## DIRECTIONS FOR THIS TASK
For the string "Chevrolet", report how many lines in the records below contain it, and nothing more.

## PROVIDED MATERIAL
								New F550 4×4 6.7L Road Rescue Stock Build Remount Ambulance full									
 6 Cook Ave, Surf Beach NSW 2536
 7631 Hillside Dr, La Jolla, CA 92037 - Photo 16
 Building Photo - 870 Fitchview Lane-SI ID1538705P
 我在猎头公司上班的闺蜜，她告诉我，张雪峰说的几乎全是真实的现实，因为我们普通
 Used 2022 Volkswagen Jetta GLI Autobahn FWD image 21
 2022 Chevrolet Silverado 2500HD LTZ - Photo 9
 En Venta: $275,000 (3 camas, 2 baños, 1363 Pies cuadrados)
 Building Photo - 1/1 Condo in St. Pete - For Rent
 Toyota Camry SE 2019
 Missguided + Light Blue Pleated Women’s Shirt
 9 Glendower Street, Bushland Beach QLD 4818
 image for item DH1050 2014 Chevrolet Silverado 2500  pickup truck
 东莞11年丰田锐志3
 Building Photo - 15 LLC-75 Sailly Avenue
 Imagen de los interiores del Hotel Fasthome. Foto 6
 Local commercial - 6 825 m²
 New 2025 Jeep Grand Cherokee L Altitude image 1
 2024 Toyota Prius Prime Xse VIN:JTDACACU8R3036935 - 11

## SOLUTION
2